■ Work order ■
Your copy should hold only the lines from the one with "Organic Crop Zip Hood - Heather Grey" to the one with "Maglia NBA Earned", both included, each exactly as it stands below, with no pictures.

■ The input ■

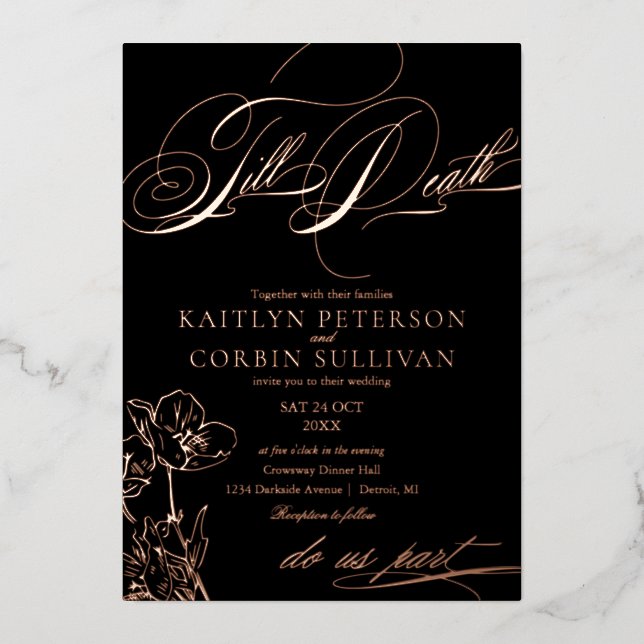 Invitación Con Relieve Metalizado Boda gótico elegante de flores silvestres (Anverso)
* * *
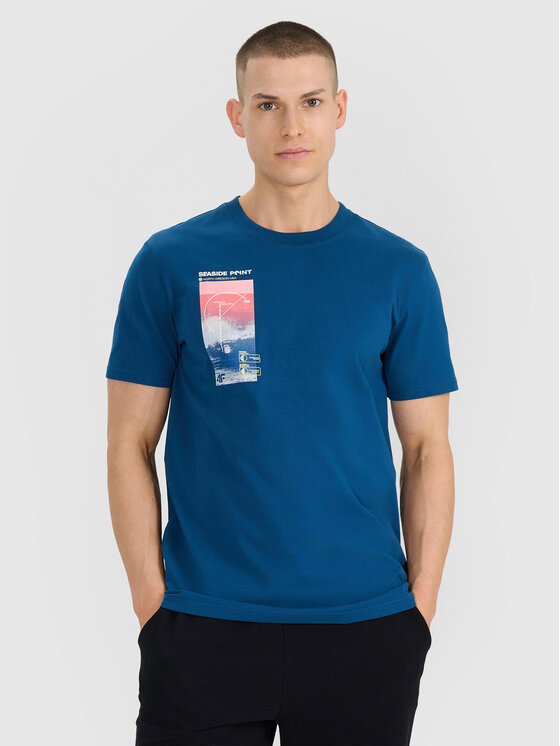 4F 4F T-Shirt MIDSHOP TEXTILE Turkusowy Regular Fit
* * *
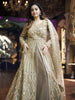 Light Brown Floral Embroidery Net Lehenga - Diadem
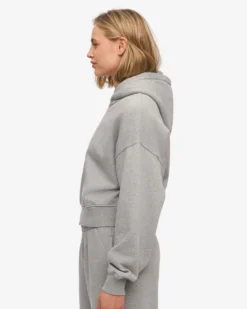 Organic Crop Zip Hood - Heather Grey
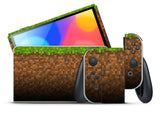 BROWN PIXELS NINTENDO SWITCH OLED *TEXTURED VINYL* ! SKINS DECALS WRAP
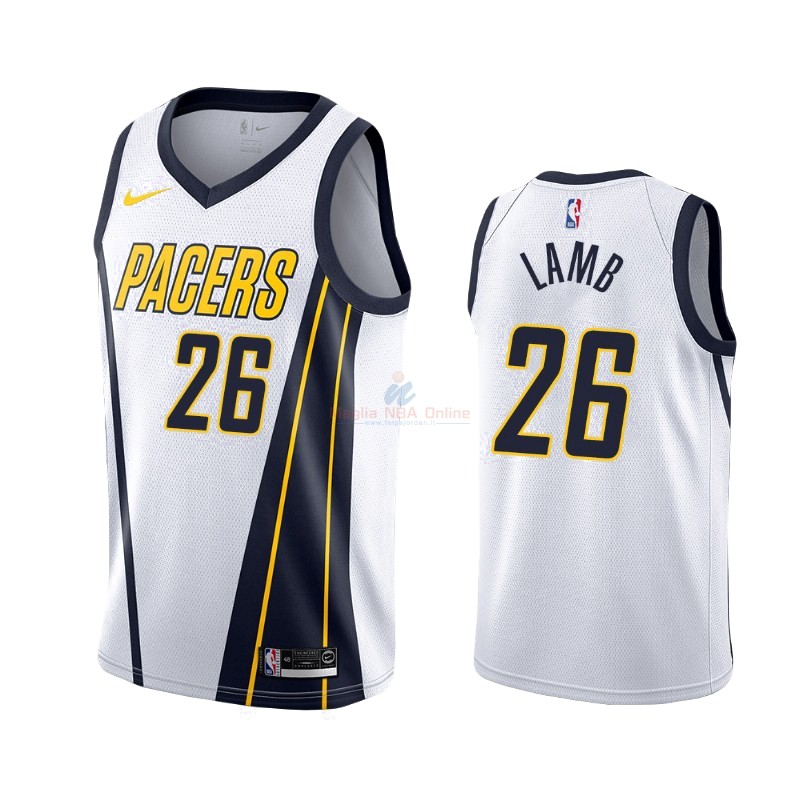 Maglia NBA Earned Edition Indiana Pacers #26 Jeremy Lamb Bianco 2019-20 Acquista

■ Result for this exercise ■
 Organic Crop Zip Hood - Heather Grey
 BROWN PIXELS NINTENDO SWITCH OLED *TEXTURED VINYL* ! SKINS DECALS WRAP
 Maglia NBA Earned Edition Indiana Pacers #26 Jeremy Lamb Bianco 2019-20 Acquista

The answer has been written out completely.